Pediatric Neurology Institute, Dana-Dwek Children's Hospital, Tel Aviv Sourasky Medical Center, Tel Aviv, Israel; Sackler Faulty of Medicine, Tel Aviv University, Tel Aviv, Israel.
Pediatric Neurology Institute, Dana-Dwek Children's Hospital, Tel Aviv Sourasky Medical Center, Tel Aviv, Israel; Sackler Faulty of Medicine, Tel Aviv University, Tel Aviv, Israel; Magen Rare Disease Center, Pediatric Neurology Unit, Wolfson Medical Center, Holon, Israel.
Eur J Paediatr Neurol. 2023 Jul;45:29-35. doi: 10.1016/j.ejpn.2023.05.008. Epub 2023 May 27.
Leukodystrophies are monogenic disorders primarily affecting the white matter. We aimed to evaluate the utility of genetic testing and time-to-diagnosis in a retrospective cohort of children with suspected leukodystrophy.
Medical records of patients who attended the leukodystrophy clinic at the Dana-Dwek Children's Hospital between June 2019 and December 2021 were retrieved. Clinical, molecular, and neuroimaging data were reviewed, and the diagnostic yield was compared across genetic tests.
Sixty-seven patients (Female/Male ratio 35/32) were included. Median age at symptom onset was 9 months (interquartile range (IQR) 3-18 months), and median length of follow-up was 4.75 years (IQR 3-8.5). Time from symptom onset to a confirmed genetic diagnosis was 15months (IQR 11-30).

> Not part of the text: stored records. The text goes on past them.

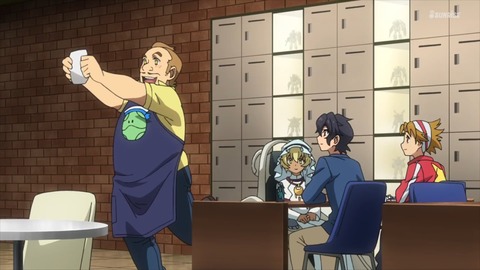 ガンダムビルドダイバーズReRISE 第23話 感想 00277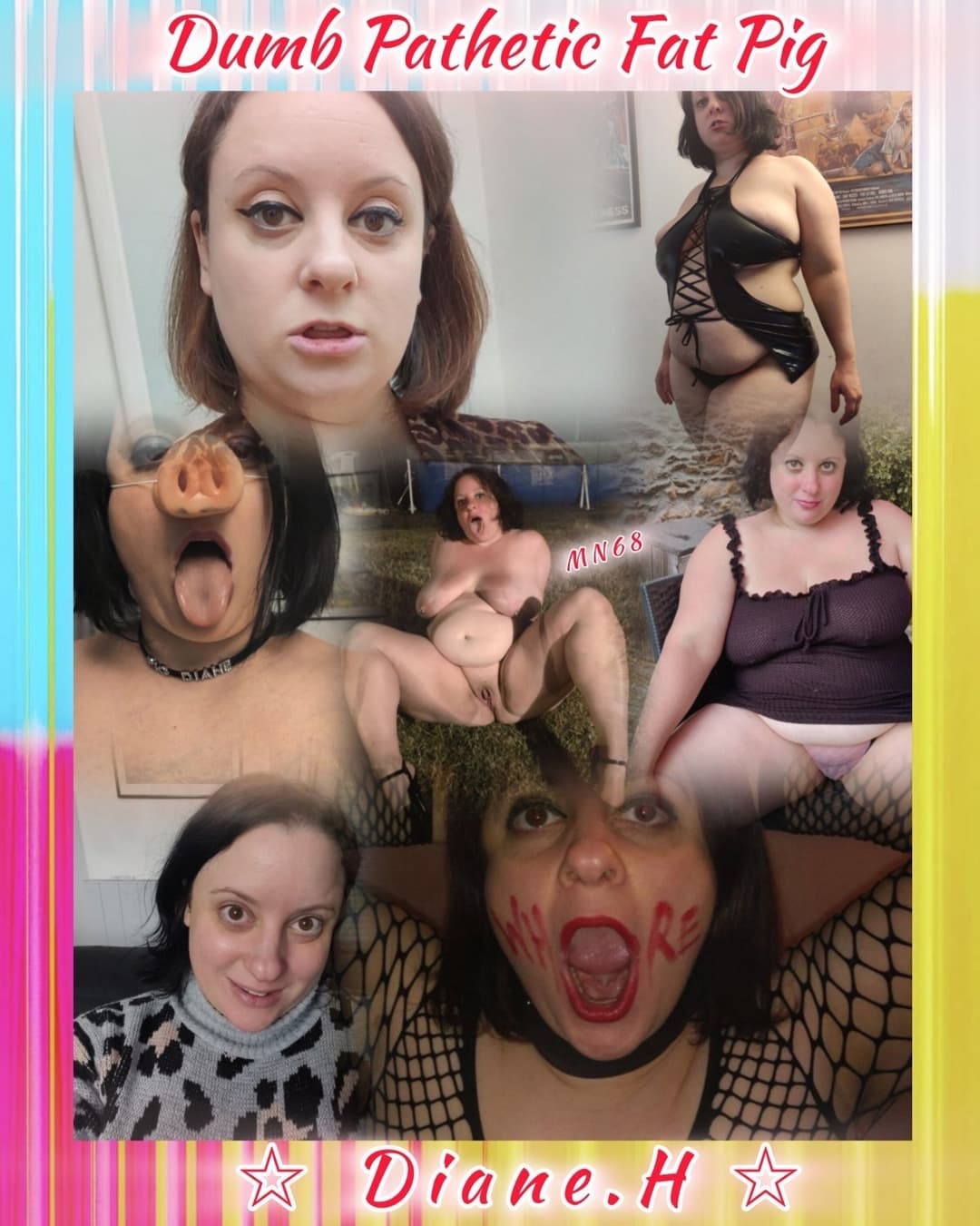 Diane Henrotte *MegaMIX*-#005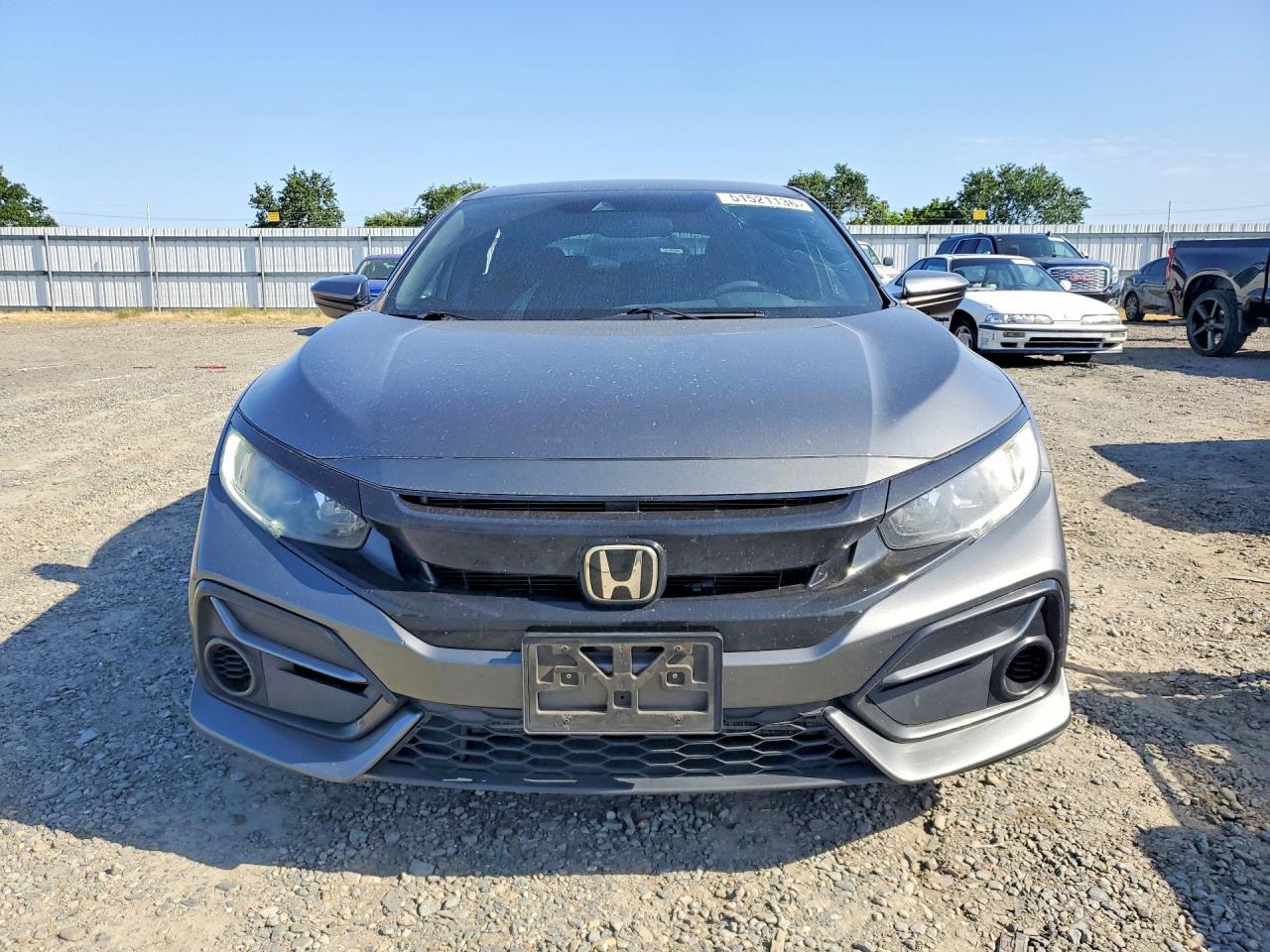 2020 Honda Civic, LX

Pathogenic variants were identified in 60/67 (89.6%) patients; classic leukodystrophy (55/67, 82.1%), leukodystrophy mimics (5/67, 7.5%). Seven patients (10.4%) remained undiagnosed. Exome sequencing showed the highest diagnostic yield (34/41, 82.9%), followed by single-gene sequencing (13/24, 54%), targeted panels (3/9, 33.3%) and chromosomal microarray (2/25, 8%). Familial pathogenic variant testing confirmed the diagnosis in 7/7 patients. A comparison between patients who presented before (n = 31) and after (n = 21) next-generation sequencing (NGS) became clinically available in Israel revealed that the time-to-diagnosis was shorter in the latter group with a median of 12months (IQR 3.5-18.5) vs. a median of 19 months (IQR 13-51) (p = 0.005).
NGS carries the highest diagnostic yield in children with suspected leukodystrophy. Access to advanced sequencing technologies accelerates speed to diagnosis, which is increasingly crucial as targeted treatments become available.
白质营养不良是一类主要影响白质的单基因疾病。我们旨在评估基因检测和诊断时间在疑似白质营养不良儿童回顾性队列中的应用。
检索 2019 年 6 月至 2021 年 12 月在达纳-德维克儿童医院白质营养不良诊所就诊的患者的病历。回顾临床、分子和神经影像学数据,并比较不同基因检测的诊断率。
共纳入 67 例患者(女性/男性比例为 35/32)。症状发作的中位年龄为 9 个月(四分位距 (IQR) 3-18 个月),中位随访时间为 4.75 年(IQR 3-8.5 年)。从症状发作到明确基因诊断的时间为 15 个月(IQR 11-30)。在 67 例患者中,确定了致病性变异 60 例(89.6%);经典白质营养不良(55/67,82.1%),白质营养不良模拟物(5/67,7.5%)。7 例(10.4%)仍未确诊。外显子组测序显示出最高的诊断率(34/41,82.9%),其次是单基因测序(13/24,54%)、靶向面板(3/9,33.3%)和染色体微阵列(2/25,8%)。对 7/7 例有家族致病性变异的患者进行了家系致病性变异检测,证实了诊断。对在以色列 NGS 临床应用之前(n=31)和之后(n=21)就诊的患者进行比较,发现后者的诊断时间更短,中位数为 12 个月(IQR 3.5-18.5),而前者的中位数为 19 个月(IQR 13-51)(p=0.005)。
在疑似白质营养不良儿童中,NGS 的诊断率最高。获得先进的测序技术可以加速诊断速度,随着靶向治疗的出现,这一点变得越来越重要。